For nearly thirty years, Somalia has existed in a suspended dystopian space outside the state-based system that defines and governs existing global order, earning it the notorious but well-deserved reputation of being the first and most enduring failed state. The reasons for this calamitous state of affairs are multiple, complex, and immensely variegated. However, none has probably been more potent and more consequential than what can be described as Mutually Assured Delusion (MAD). Simply stated, MAD refers to a deliberate and inherently duplicitous strategy to base all political negotiations and power-sharing formulas on clan affiliation and at the same time vehemently deny and denounce even the mere mentioning of clan identity in national politics. Everyone does it. Everyone knows it.  Yet all deny its existence and efficacy. Hence the phrase Mutually Assured Delusion (MAD).

MAD is madness in the form of a cynical strategy invented and effectively deployed by the Somali political elite to confuse and mislead both Somalis and foreigners alike about the truth of what has being going on in Somalia. All previous Somali governments had used it. MAD had been elevated to a bizarre spectacle during the military regime when effigies of the monster clan were burned or buried in well-choreographed public events. However, it has reached its ugliest summit in post-1991 Somalia, especially following the catastrophic Arta Conference in 2000 and the adoption of the notorious 4.5 formula as an official mechanism for power sharing among Somali clan families. Under Farmaajo and Khaire, MAD has evolved into a lethal national affliction. Detailed, open, honest and rational discussion and objective analysis of sensitive intra- and inter-clan rivalries, conflicts, and grievances is discouraged even suppressed, preferring a bizarre hush-hush approach that can be described as mutually assured national exercise in self-delusion.

Many, perhaps most, of the greatest and gravest challenges that have blighted Somalia from the 1990s to this very moment can be primarily attributed to this insidious and inherently malign element in post-1991 Somali politics. In fact, the MAD arguably constitutes the principal reason decades of massive involvement and colossal investment by the international community have not yet led to genuine national reconciliation and inclusive governance framework in Somalia or demonstrable improvements in the state of peace and security in the country. Yet, this core and heavily consequential factor has rarely received the attention, serious and robust analysis, and optimum consideration and care commensurate with its weight and impact. There has instead been a tendency to ensure that the issue remains barely acknowledged, deliberately avoided, expediently glossed over, conveniently ignored, or simply swept under the carpet.

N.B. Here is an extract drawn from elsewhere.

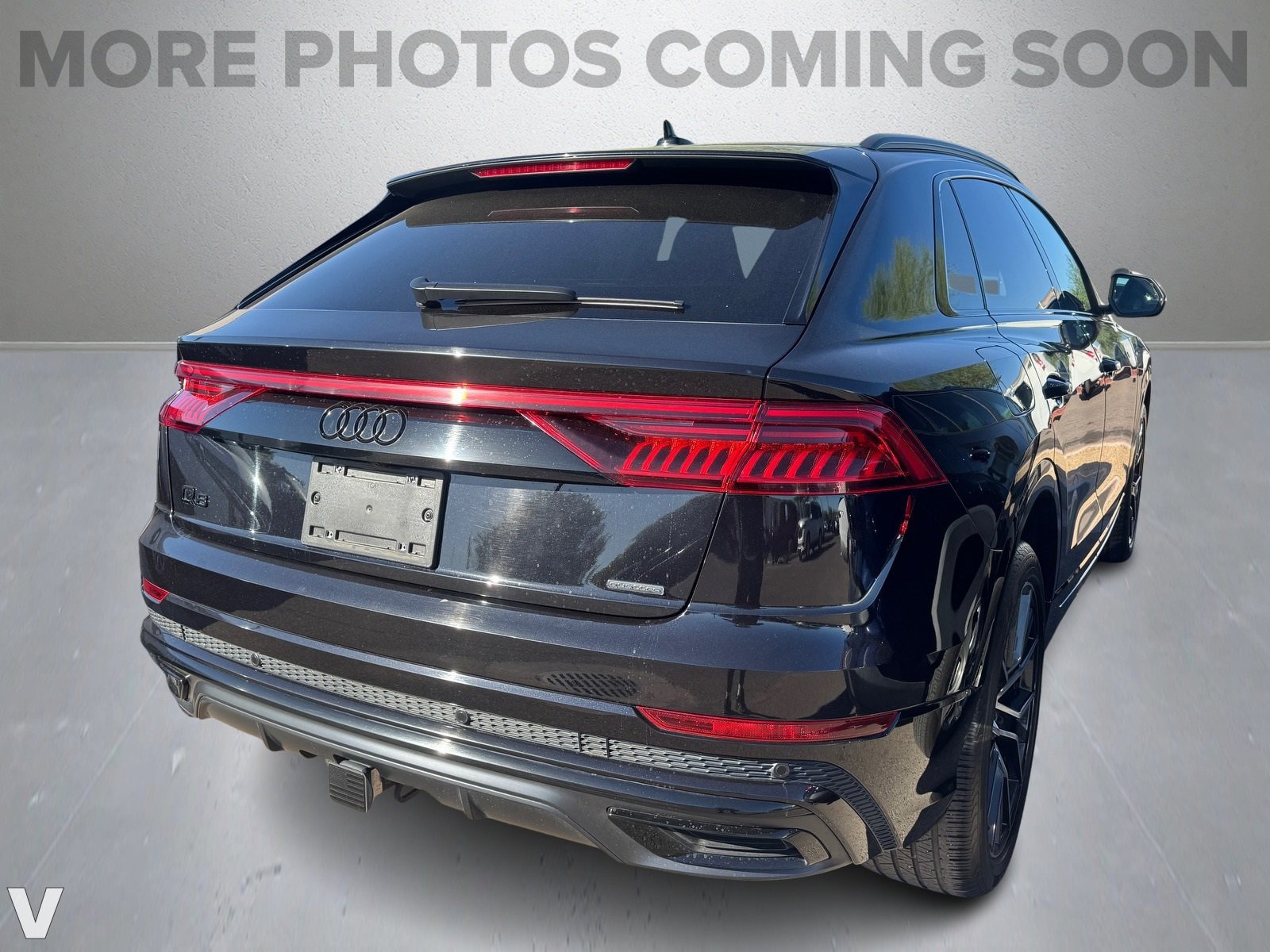 2021 Audi Q8 line Premium Plus photo 3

 Foreigners have been equally active and complicit in this elaborate deception, although their reasons and motivations have not always been identical with those of their Somali counter parts. The international community has been reluctant to say much about MAD for two main reasons.  The first is to show solidarity with the duplicitous stance adopted by the powerful Mogadishu-based political and business elite. The second is that the dominant regional and international actors have found this murky and messy state of affairs exceptionally useful and expedient. The result has been the proliferation and perpetuation of half-truths, ridiculous oversimplifications and omissions, deliberate distortions, and outright falsehoods about the tumultuous events unfolding in Somalia for the past three decades. This sinister scheme has made informed and accurate understanding of the crisis in Somalia immensely difficult, and, more importantly, undermined and at times torpedoed efforts aimed at restoring lasting peace and political stability in the country.